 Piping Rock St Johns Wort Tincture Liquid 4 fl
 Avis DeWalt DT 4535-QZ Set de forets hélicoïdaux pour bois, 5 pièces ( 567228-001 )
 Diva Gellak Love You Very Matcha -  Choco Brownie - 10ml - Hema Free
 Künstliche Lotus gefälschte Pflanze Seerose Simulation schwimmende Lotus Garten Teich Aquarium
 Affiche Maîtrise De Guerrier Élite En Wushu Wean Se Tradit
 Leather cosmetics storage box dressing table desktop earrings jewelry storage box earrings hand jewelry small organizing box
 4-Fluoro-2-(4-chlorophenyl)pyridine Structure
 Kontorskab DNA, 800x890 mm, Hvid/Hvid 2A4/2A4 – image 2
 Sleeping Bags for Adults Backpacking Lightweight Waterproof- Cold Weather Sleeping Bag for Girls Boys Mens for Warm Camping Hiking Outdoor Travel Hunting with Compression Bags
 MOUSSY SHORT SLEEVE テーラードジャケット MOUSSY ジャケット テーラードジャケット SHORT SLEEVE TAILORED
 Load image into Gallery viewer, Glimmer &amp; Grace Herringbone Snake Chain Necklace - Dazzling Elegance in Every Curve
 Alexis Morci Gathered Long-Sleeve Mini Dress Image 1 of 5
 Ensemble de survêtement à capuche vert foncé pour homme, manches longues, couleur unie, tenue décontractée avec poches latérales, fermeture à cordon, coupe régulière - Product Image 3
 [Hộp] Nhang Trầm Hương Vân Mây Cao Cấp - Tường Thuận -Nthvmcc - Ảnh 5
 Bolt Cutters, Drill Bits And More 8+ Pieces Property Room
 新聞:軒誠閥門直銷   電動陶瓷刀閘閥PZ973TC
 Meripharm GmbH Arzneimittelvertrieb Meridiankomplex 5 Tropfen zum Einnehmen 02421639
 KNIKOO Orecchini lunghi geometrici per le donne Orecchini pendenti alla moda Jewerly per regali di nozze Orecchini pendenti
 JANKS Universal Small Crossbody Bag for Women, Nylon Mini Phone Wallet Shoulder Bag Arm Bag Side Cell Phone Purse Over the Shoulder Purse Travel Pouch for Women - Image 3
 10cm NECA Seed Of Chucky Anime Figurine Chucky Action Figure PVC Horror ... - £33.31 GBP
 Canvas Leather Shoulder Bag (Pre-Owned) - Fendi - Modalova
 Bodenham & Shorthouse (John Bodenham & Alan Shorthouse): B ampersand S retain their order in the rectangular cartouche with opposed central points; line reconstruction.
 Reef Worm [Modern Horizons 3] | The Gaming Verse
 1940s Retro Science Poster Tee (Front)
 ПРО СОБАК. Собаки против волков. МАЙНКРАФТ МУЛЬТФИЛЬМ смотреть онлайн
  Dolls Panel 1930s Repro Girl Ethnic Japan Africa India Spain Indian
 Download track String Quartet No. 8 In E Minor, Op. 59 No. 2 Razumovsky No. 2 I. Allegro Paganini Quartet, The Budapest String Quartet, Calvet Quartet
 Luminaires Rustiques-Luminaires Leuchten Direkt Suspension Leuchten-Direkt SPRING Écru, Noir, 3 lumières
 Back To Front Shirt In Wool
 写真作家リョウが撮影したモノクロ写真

------------------------------------------------------------------------

== Problem details ==
From the first line to the last, copy every record exactly.

== Task result ==
 Piping Rock St Johns Wort Tincture Liquid 4 fl
 Avis DeWalt DT 4535-QZ Set de forets hélicoïdaux pour bois, 5 pièces ( 567228-001 )
 Diva Gellak Love You Very Matcha -  Choco Brownie - 10ml - Hema Free
 Künstliche Lotus gefälschte Pflanze Seerose Simulation schwimmende Lotus Garten Teich Aquarium
 Affiche Maîtrise De Guerrier Élite En Wushu Wean Se Tradit
 Leather cosmetics storage box dressing table desktop earrings jewelry storage box earrings hand jewelry small organizing box
 4-Fluoro-2-(4-chlorophenyl)pyridine Structure
 Kontorskab DNA, 800x890 mm, Hvid/Hvid 2A4/2A4 – image 2
 Sleeping Bags for Adults Backpacking Lightweight Waterproof- Cold Weather Sleeping Bag for Girls Boys Mens for Warm Camping Hiking Outdoor Travel Hunting with Compression Bags
 MOUSSY SHORT SLEEVE テーラードジャケット MOUSSY ジャケット テーラードジャケット SHORT SLEEVE TAILORED
 Load image into Gallery viewer, Glimmer &amp; Grace Herringbone Snake Chain Necklace - Dazzling Elegance in Every Curve
 Alexis Morci Gathered Long-Sleeve Mini Dress Image 1 of 5
 Ensemble de survêtement à capuche vert foncé pour homme, manches longues, couleur unie, tenue décontractée avec poches latérales, fermeture à cordon, coupe régulière - Product Image 3
 [Hộp] Nhang Trầm Hương Vân Mây Cao Cấp - Tường Thuận -Nthvmcc - Ảnh 5
 Bolt Cutters, Drill Bits And More 8+ Pieces Property Room
 新聞:軒誠閥門直銷   電動陶瓷刀閘閥PZ973TC
 Meripharm GmbH Arzneimittelvertrieb Meridiankomplex 5 Tropfen zum Einnehmen 02421639
 KNIKOO Orecchini lunghi geometrici per le donne Orecchini pendenti alla moda Jewerly per regali di nozze Orecchini pendenti
 JANKS Universal Small Crossbody Bag for Women, Nylon Mini Phone Wallet Shoulder Bag Arm Bag Side Cell Phone Purse Over the Shoulder Purse Travel Pouch for Women - Image 3
 10cm NECA Seed Of Chucky Anime Figurine Chucky Action Figure PVC Horror ... - £33.31 GBP
 Canvas Leather Shoulder Bag (Pre-Owned) - Fendi - Modalova
 Bodenham & Shorthouse (John Bodenham & Alan Shorthouse): B ampersand S retain their order in the rectangular cartouche with opposed central points; line reconstruction.
 Reef Worm [Modern Horizons 3] | The Gaming Verse
 1940s Retro Science Poster Tee (Front)
 ПРО СОБАК. Собаки против волков. МАЙНКРАФТ МУЛЬТФИЛЬМ смотреть онлайн
  Dolls Panel 1930s Repro Girl Ethnic Japan Africa India Spain Indian
 Download track String Quartet No. 8 In E Minor, Op. 59 No. 2 Razumovsky No. 2 I. Allegro Paganini Quartet, The Budapest String Quartet, Calvet Quartet
 Luminaires Rustiques-Luminaires Leuchten Direkt Suspension Leuchten-Direkt SPRING Écru, Noir, 3 lumières
 Back To Front Shirt In Wool
 写真作家リョウが撮影したモノクロ写真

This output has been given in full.